The Key Laboratory of Biomedical Information Engineering of Ministry of Education, Department of Biomedical Engineering, School of Life Science and Technology, Xi'an Jiaotong University, Xi'an 710049, PR China.
J Voice. 2013 Mar;27(2):259.e7-259.e16. doi: 10.1016/j.jvoice.2012.10.011. Epub 2013 Jan 5.

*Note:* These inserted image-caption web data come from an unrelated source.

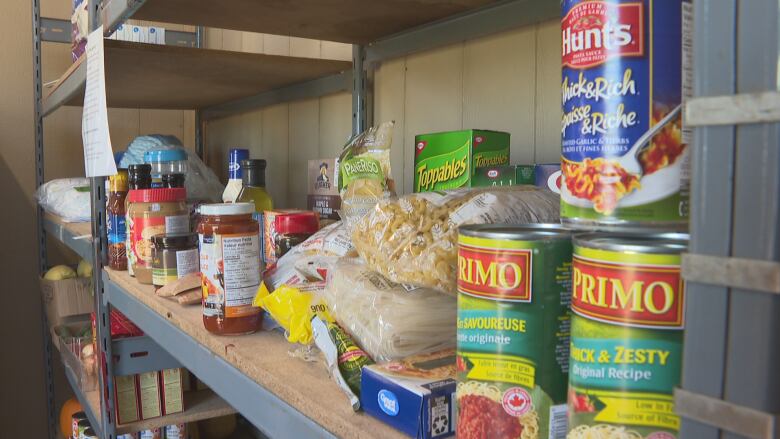 Some canned foods and other goods atop a pantry.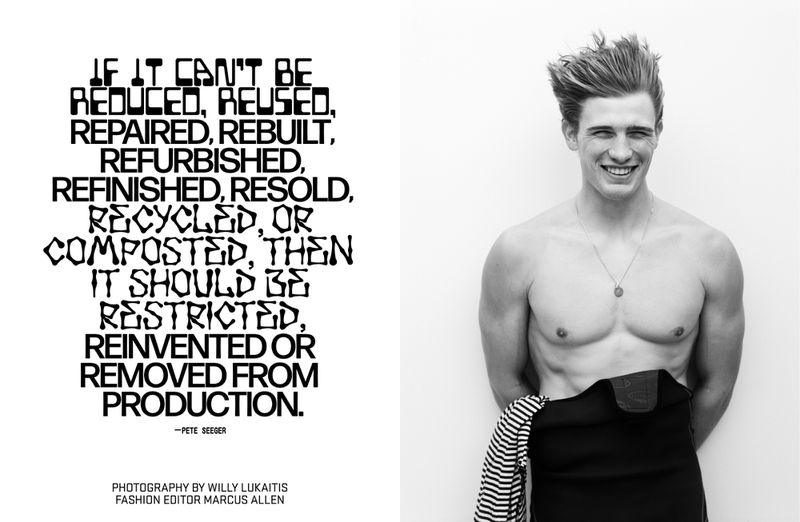 Black and white portrait of a smiling male model wearing a wetsuit pulled down, standing against a plain white background.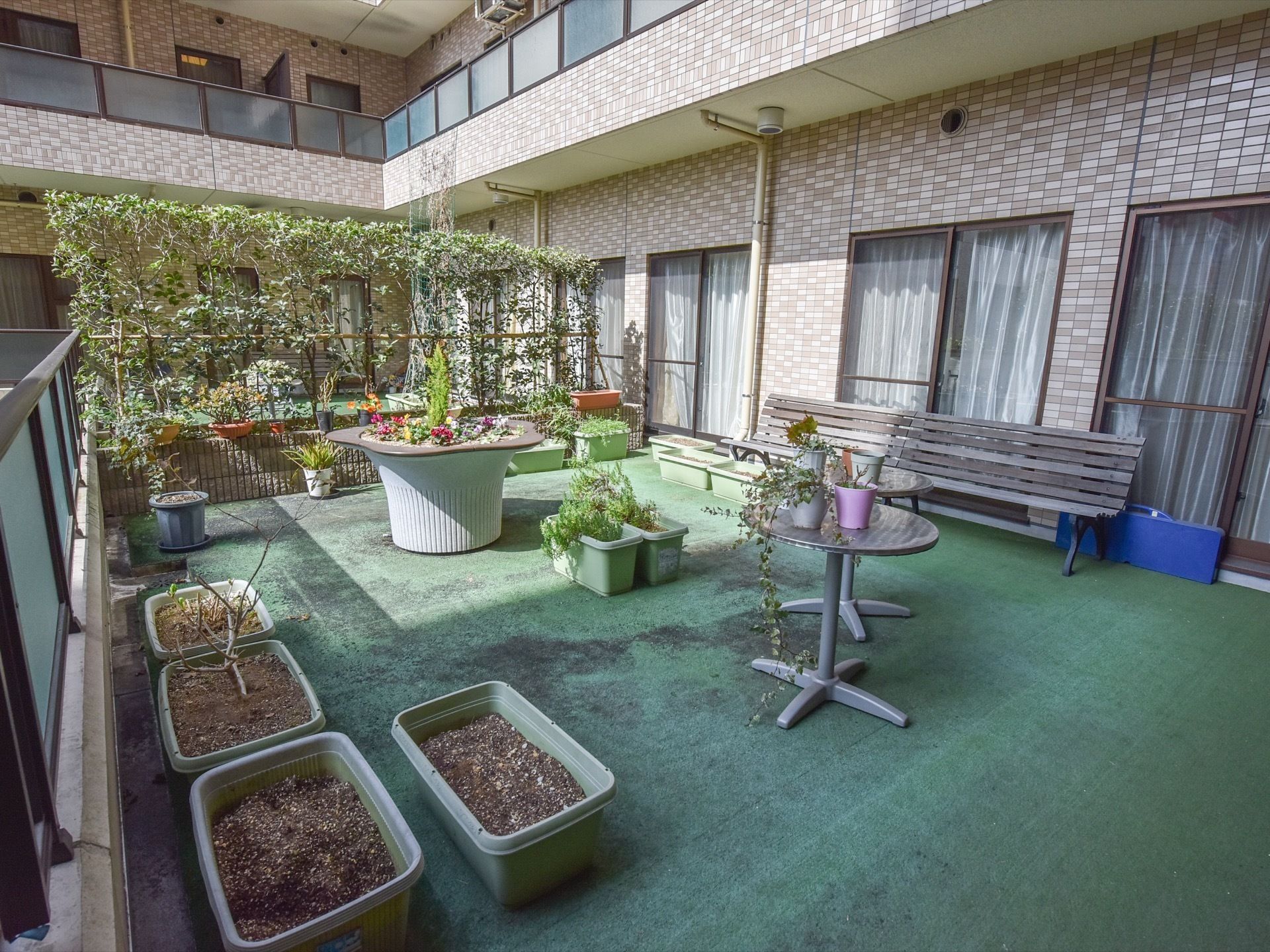陽当たりの良い中庭風のテラスには花の寄せ植えや木々が植えられている。木製のベンチやテーブルが置かれている。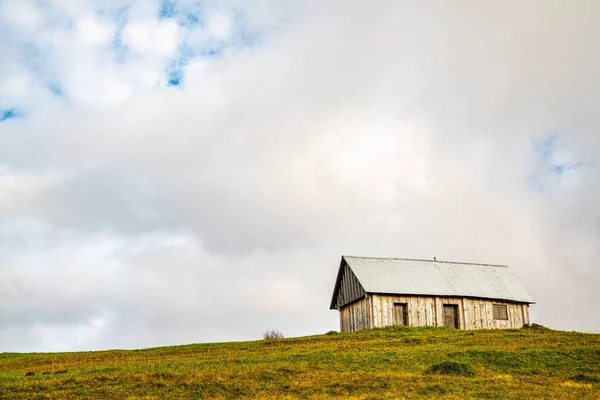 A lonely little gray house stands on a fresh wet green meadow amidst a dense gray fog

To realize an accurate and automatic on/off control of electrolarynx (EL), an artificial neural network (ANN) was introduced for switch identification based on visual information of lips and implemented by an experimental system (ANN-EL). The objective was to confirm the feasibility of the ANN method and evaluate the performance of ANN-EL in Mandarin speech.

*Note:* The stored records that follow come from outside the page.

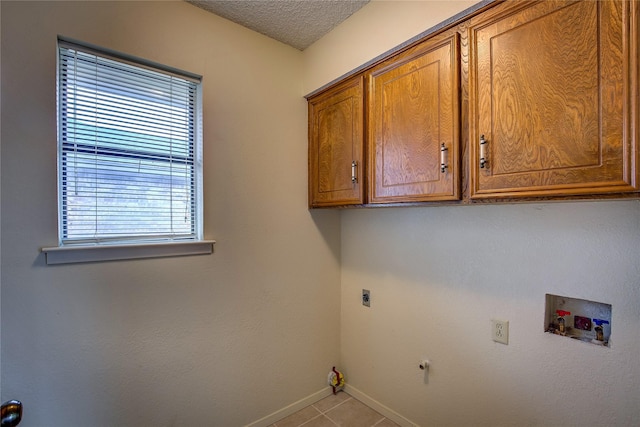 laundry area featuring cabinets, washer hookup, light tile patterned floors, hookup for an electric dryer, and a textured ceiling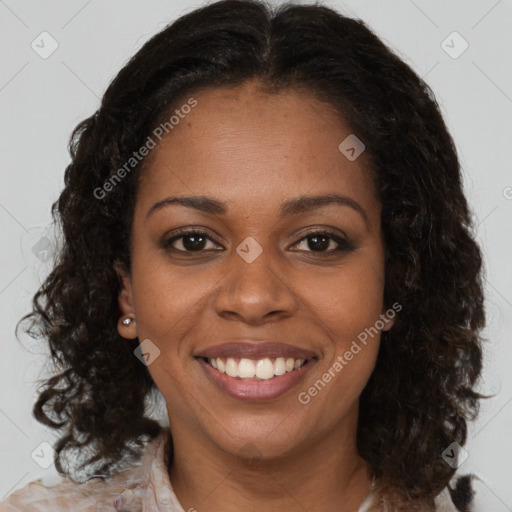 Joyful black young-adult female with medium  brown hair and brown eyes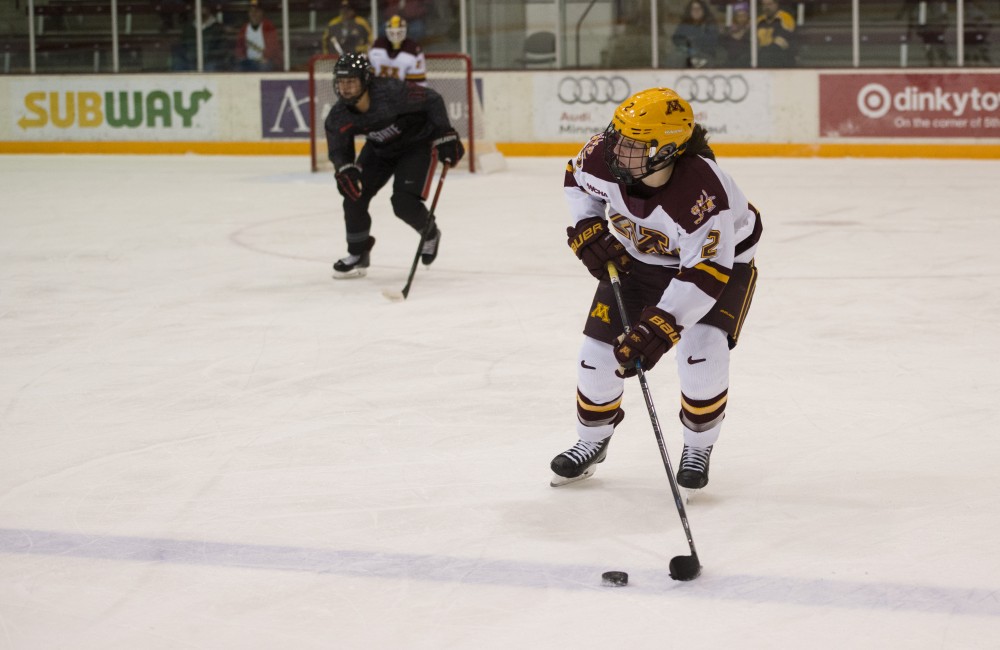 Defender Emily Brown looks to pass the puck up the ice at Ridder Arena on Friday, Oct. 19. The Gophers beat Ohio State 3-0.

Totally five volunteers (one laryngectomee and four normal speakers) participated in the whole process of experiments. First, trained ANN was tested to assess switch identification performance of ANN method. Then, voice initiation/termination time, speech fluency, and word intelligibility were measured and compared with button-EL and video-EL to evaluate on/off control performance of ANN-EL.
The test showed that ANN method performed accurate switch identification (>99%). ANN-EL was as fast as normal voice and button-EL in onset control, but a little slower in offset control. ANN-EL could provide a fluent voice source with rare breaks (<1%) for a continuous speech. The results also indicated that on/off control performance of ANN-EL had a significant impact on perception, lowering the word intelligibility compared with button-EL. However, the words produced by ANN-EL were more intelligible than video-EL by approximately 20%.

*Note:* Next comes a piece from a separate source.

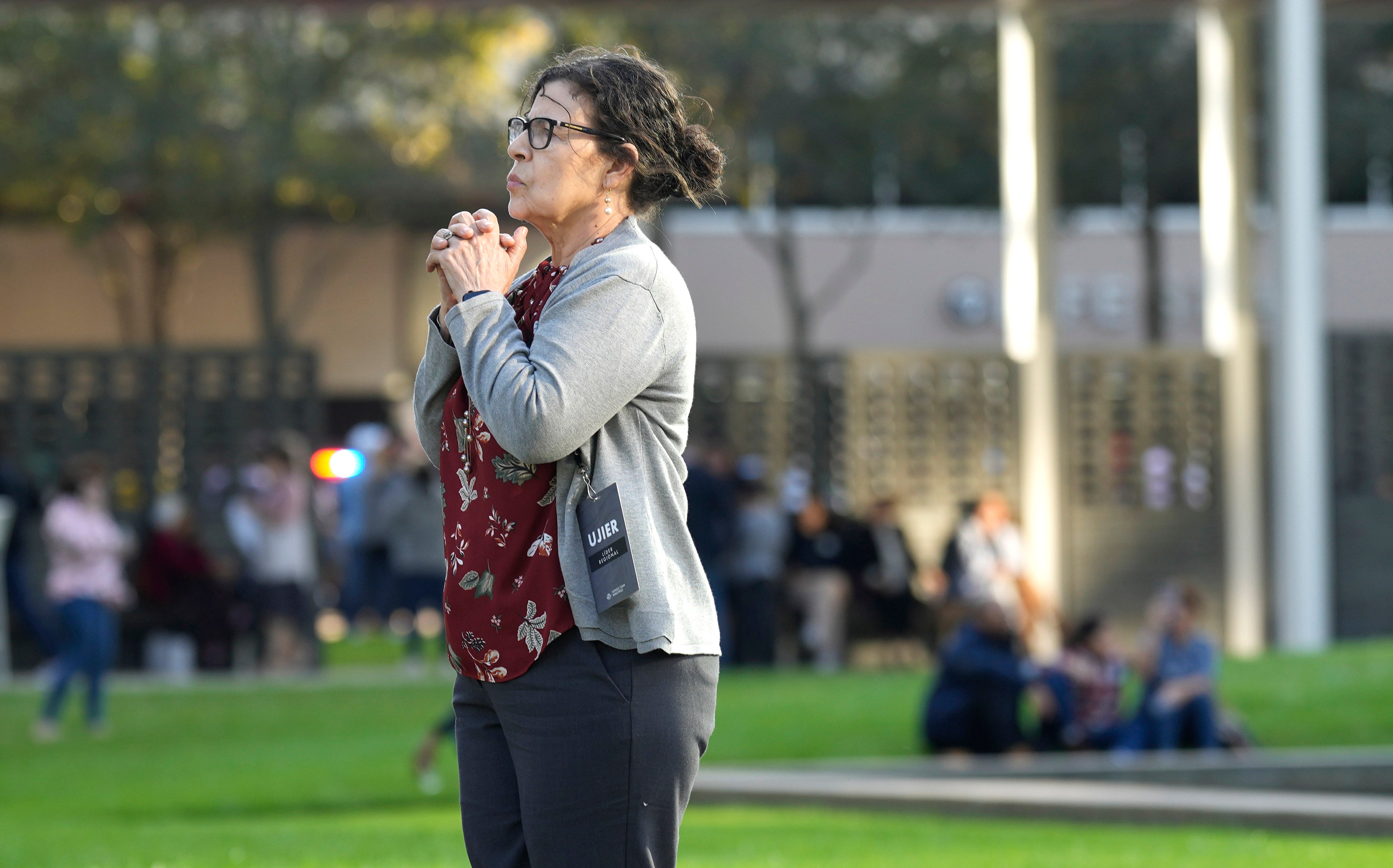 A woman stands outside Lakewood Church after a shooting during a Spanish church service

The ANN method was proved feasible and effective for switch identification based on visual information of lips. The ANN-EL could provide an accurate on/off control for fluent Mandarin speech.
为了实现对电子喉(EL)的精确自动开关控制,引入了一种基于唇动视觉信息的人工神经网络(ANN)进行开关识别,并通过实验系统(ANN-EL)实现。目的是验证 ANN 方法的可行性,并评估 ANN-EL 在普通话语音中的性能。
共有五名志愿者(一名喉切除患者和四名正常发音者)参与了整个实验过程。首先,测试经过训练的 ANN 以评估 ANN 方法的开关识别性能。然后,测量语音起始/终止时间、语音流畅度和单词可懂度,并与按钮-EL 和视频-EL 进行比较,以评估 ANN-EL 的开/关控制性能。
测试表明,ANN 方法能够进行准确的开关识别(>99%)。ANN-EL 在起始控制方面与正常语音和按钮-EL 一样快,但在结束控制方面稍慢。ANN-EL 可以提供流畅的语音源,很少有停顿(<1%),可以连续说话。结果还表明,ANN-EL 的开/关控制性能对感知有显著影响,与按钮-EL 相比,单词可懂度降低。然而,ANN-EL 生成的单词比视频-EL 更易理解,大约提高了 20%。
ANN 方法已被证明可用于基于唇动视觉信息的开关识别,是可行且有效的。ANN-EL 可以为流畅的普通话语音提供精确的开/关控制。